No doubt but less expensive than also inheriting any loans or debt racked against the infrastructure as well. I cannot fathom how this sort of operation would ultimately long-term be more expensive to the customer than the current situation. Evidently privatisation has seemingly been more costly than nationalisation, whether through a demonstration that running and investing in a water provider has been more costly than the revenue it generates or as most people seem to think, through blatant corporate greed and creative malpractice (or both).

Reset the situation as on the day of the initial privatisation, inject initial investment via a government welfare fund / bond and then actually boil all revenue in to the service (CAPEX / OPEX). No doubt, any public body responsible for that would balls it up but a change of ideology every 30 or so years may not be a bad punt.

Radical thinking is required.
 
No doubt but less expensive than also inheriting any loans or debt racked against the infrastructure as well.
The company is valued at around £9bn. Debt is around £14bn. The asset value is around £19bn.
The key aspect is control of the assets, as without that you can't really do much in terms of controlling the company, altering the infrastructure or anything useful.
Corbyn wanted to force-purchase the whole industry at 30% of market value, but I imagine that would not be a good idea for anyone wanting to remain in power.

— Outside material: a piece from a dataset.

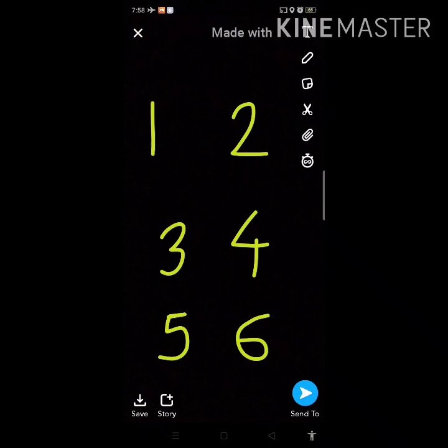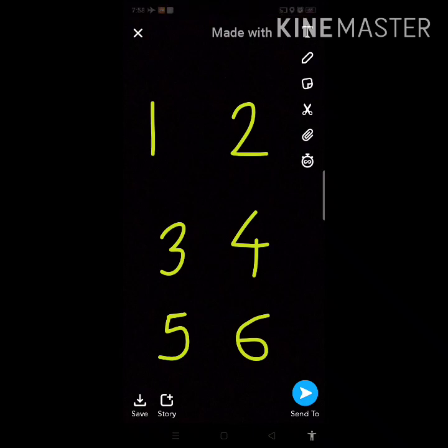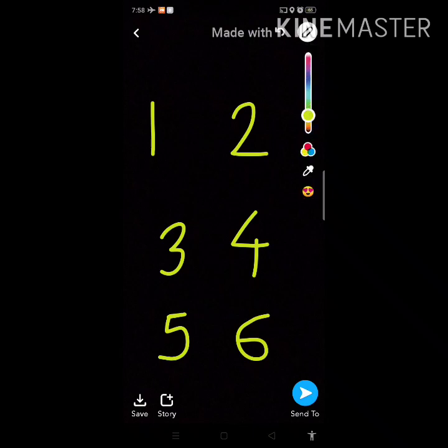What is this? These are numbers. What is this? 1, 2, 3, 4, 5, 6. So you know these numbers, right? Okay. These are numbers.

I cannot fathom how this sort of operation would ultimately long-term be more expensive to the customer than the current situation.
As above, it's not just the cost of purchasing but also those of restructuring and changing things over.

Evidently privatisation has seemingly been more costly than nationalisation, whether through a demonstration that running and investing in a water provider has been more costly than the revenue it generates or as most people seem to think, through blatant corporate greed and creative malpractice (or both).
Privatisation was great up until the regulator allowed the owners to basically take all the money needed to run the company.
The industry was never meant to be run purely for profit, let alone maximum profit.

Radical thinking is required.
But that would require OFWAT actually getting up off its backside and doing its job....
Everything else would ned the government to pay a shedload of money into buying and fixing the company, again as detailed above, which would still ultimately come out of your pocket.
 
The company is valued at around £9bn. Debt is around £14bn. The asset value is around £19bn.
The key aspect is control of the assets, as without that you can't really do much in terms of controlling the company, altering the infrastructure or anything useful.
Corbyn wanted to force-purchase the whole industry at 30% of market value, but I imagine that would not be a good idea for anyone wanting to remain in power.


As above, it's not just the cost of purchasing but also those of restructuring and changing things over.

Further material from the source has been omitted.